Even the best AI language learning (LLM) models fail dramatically when it comes to simple logical questions. This is the conclusion of researchers from the Jülich Supercomputing Center (JSC), the School of Electrical and Electronic Engineering at the University of Bristol and the LAION AI laboratory. In their paper, “Alice in Wonderland: Simple Tasks Showing Complete Reasoning Breakdown in State-of-the-Art Large Language Models” (preview available at https://arxiv.org/abs/2406.02061), the scientists testify to a “dramatic breakdown of reasoning function and abilities” in the latest LLMs tested and suggest that although language models have the latent ability to perform basic reasoning, they cannot access it robustly and consistently. The authors of the study (Marianna Nezhurina, Lucia Cipolina-Kun, Mehdi Cherti and Jenia Jitsev) call on “the scientific and technological community to stimulate the urgent reassessment of the claimed skills of the current generation of LLMs.” language patterns related to basic reasoning skills, as current tests apparently fail to detect this serious failure.

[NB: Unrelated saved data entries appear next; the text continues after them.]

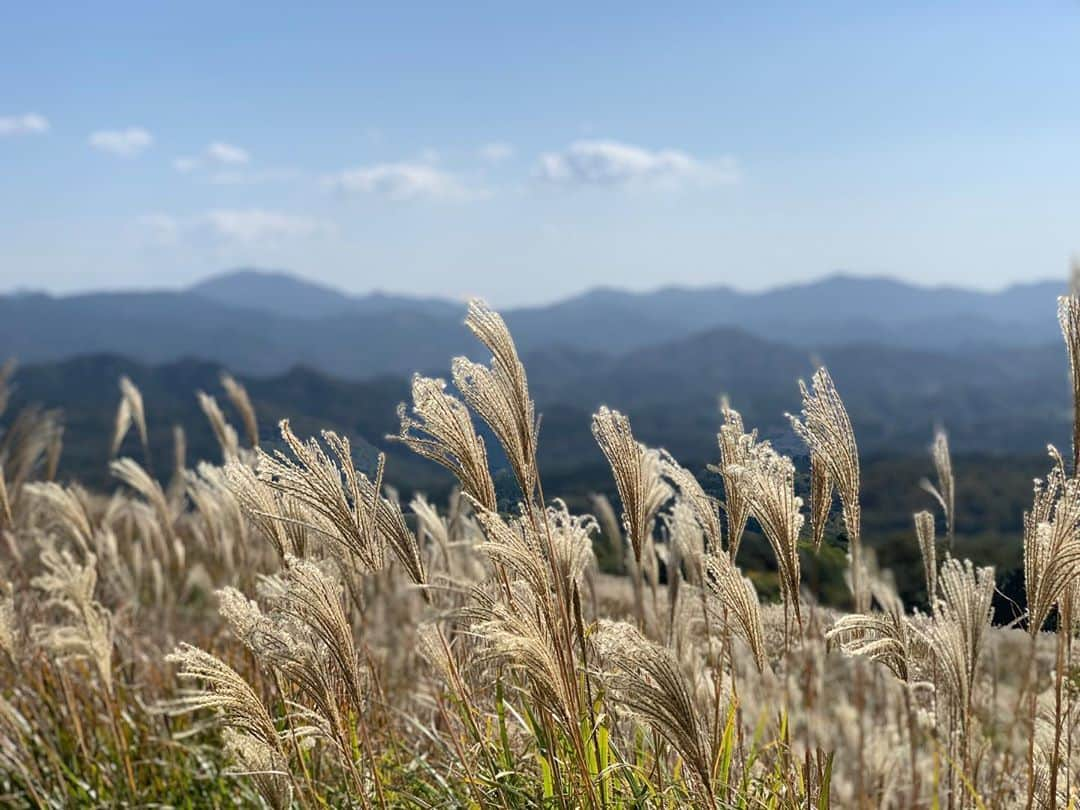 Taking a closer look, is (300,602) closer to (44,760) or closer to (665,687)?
(665,687)

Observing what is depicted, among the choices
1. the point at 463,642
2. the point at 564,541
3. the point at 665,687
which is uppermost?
the point at 564,541

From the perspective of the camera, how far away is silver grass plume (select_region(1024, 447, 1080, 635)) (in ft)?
5.73

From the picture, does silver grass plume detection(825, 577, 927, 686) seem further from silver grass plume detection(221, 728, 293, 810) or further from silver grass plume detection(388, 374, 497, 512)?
silver grass plume detection(221, 728, 293, 810)

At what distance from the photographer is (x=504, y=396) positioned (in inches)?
80.5

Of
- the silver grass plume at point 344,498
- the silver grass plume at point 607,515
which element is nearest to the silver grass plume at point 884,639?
the silver grass plume at point 344,498

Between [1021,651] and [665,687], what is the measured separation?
476 cm

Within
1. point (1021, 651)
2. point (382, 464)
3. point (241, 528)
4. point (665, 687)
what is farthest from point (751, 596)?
point (1021, 651)

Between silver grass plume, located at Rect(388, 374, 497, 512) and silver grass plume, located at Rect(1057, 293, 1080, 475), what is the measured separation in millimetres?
1249

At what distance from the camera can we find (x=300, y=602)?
2002 millimetres

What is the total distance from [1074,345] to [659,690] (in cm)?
111

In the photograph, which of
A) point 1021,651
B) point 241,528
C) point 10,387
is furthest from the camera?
point 10,387

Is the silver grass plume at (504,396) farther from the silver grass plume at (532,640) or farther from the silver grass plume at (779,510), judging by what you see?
the silver grass plume at (779,510)

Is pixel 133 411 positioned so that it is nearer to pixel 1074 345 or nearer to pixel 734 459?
pixel 734 459

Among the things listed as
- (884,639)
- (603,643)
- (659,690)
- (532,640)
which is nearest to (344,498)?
(532,640) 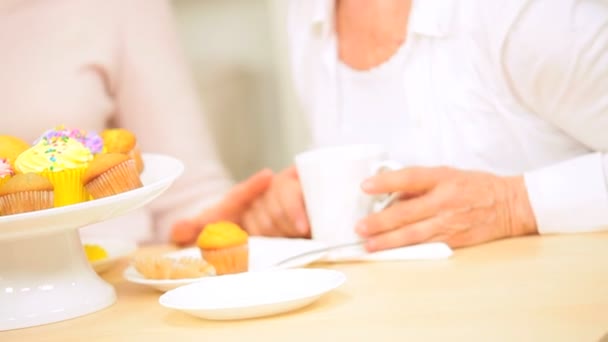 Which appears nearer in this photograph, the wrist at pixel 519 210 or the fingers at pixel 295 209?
the wrist at pixel 519 210

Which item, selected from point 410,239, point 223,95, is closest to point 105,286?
point 410,239

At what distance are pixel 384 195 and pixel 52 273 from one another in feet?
1.43

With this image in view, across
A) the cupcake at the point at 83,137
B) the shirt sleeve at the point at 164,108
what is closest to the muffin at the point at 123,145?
the cupcake at the point at 83,137

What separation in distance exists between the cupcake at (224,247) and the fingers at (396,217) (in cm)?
17

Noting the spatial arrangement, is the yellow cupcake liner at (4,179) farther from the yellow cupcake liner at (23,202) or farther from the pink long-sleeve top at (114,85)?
the pink long-sleeve top at (114,85)

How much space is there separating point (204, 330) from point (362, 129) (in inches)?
29.0

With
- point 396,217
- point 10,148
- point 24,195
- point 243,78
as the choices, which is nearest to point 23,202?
point 24,195

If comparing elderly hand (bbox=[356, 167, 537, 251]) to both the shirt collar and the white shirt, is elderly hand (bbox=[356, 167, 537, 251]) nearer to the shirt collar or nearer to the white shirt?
the white shirt

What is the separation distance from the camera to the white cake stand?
825 millimetres

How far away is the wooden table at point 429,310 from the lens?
69 cm

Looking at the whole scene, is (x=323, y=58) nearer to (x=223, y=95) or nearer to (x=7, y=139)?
(x=223, y=95)

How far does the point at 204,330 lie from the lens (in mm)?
760

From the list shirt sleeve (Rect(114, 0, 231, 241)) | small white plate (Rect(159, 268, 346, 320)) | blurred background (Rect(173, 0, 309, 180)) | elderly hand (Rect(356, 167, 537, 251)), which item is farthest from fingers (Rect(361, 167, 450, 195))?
blurred background (Rect(173, 0, 309, 180))

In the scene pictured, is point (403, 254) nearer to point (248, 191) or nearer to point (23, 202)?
point (248, 191) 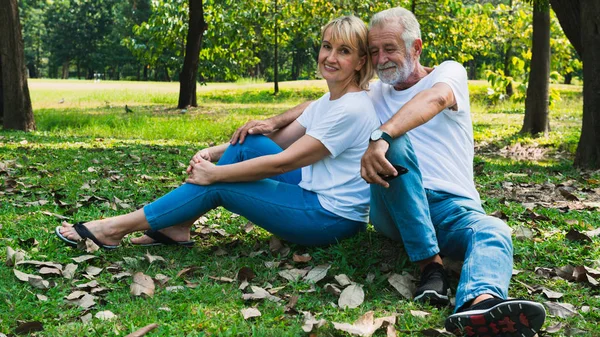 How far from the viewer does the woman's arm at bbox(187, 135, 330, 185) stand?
3672 millimetres

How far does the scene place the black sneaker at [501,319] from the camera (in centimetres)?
263

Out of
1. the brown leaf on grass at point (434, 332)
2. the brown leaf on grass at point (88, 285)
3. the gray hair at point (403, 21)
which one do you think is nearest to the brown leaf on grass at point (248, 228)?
the brown leaf on grass at point (88, 285)

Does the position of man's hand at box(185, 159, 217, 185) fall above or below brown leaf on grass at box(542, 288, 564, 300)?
above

The essence of proper reasoning
The “common sense task,” called the “AIW problem” in the paper, is actually simple: “Alice has N brothers and she also has M sisters. How many sisters does Alice’s brother have?” The values for N and M (always natural numbers) and the sibling order are different. Thus, the researchers used different combinations of fast numbers and types to get an accurate picture of how different models behave under systematic variations of the AIW problem. Despite the variations, the structure of the problem remains the same and the correct answer always results from the addition of Alice and her sisters (M + 1). A logic that most elementary school children can already follow. Linguistic models, on the other hand, were able to solve the AIW problem only sporadically, if at all. Here is an example of an LLM who faced the simplest version of the question:
“Alice has four brothers and one sister. How many sisters does Alice’s brother have?” – “A classic lateral thinking puzzle! – Let’s take a closer look: Alice has four brothers. Alice also has a sister (herself). So each of Alice’s brothers has… (drum roll ) …a sister, and this is Alice Herself, so the answer is: Each of Alice’s brothers has a sister.”
This may sound plausible, but it is still wrong (of course Alice’s brothers have two sisters). Other AI-tested languages also get into trouble—big trouble, depending on the question. Sometimes they get entangled in absurd lines of reasoning, repeatedly arrive at incorrect results and declare them “correct”. So it’s not just the false results that are problematic, but the fact that AIs use pseudo-sensible arguments to back them up. Even researchers’ interventions to encourage them to critically review their answers do not help. Therefore, the researchers estimate: “[…] models also express strong overconfidence in their wrong solutions, while offering often nonsensical “reasoning”-like explanations. […] to justify and support the validity of their clearly failed responses by making them appear credible.”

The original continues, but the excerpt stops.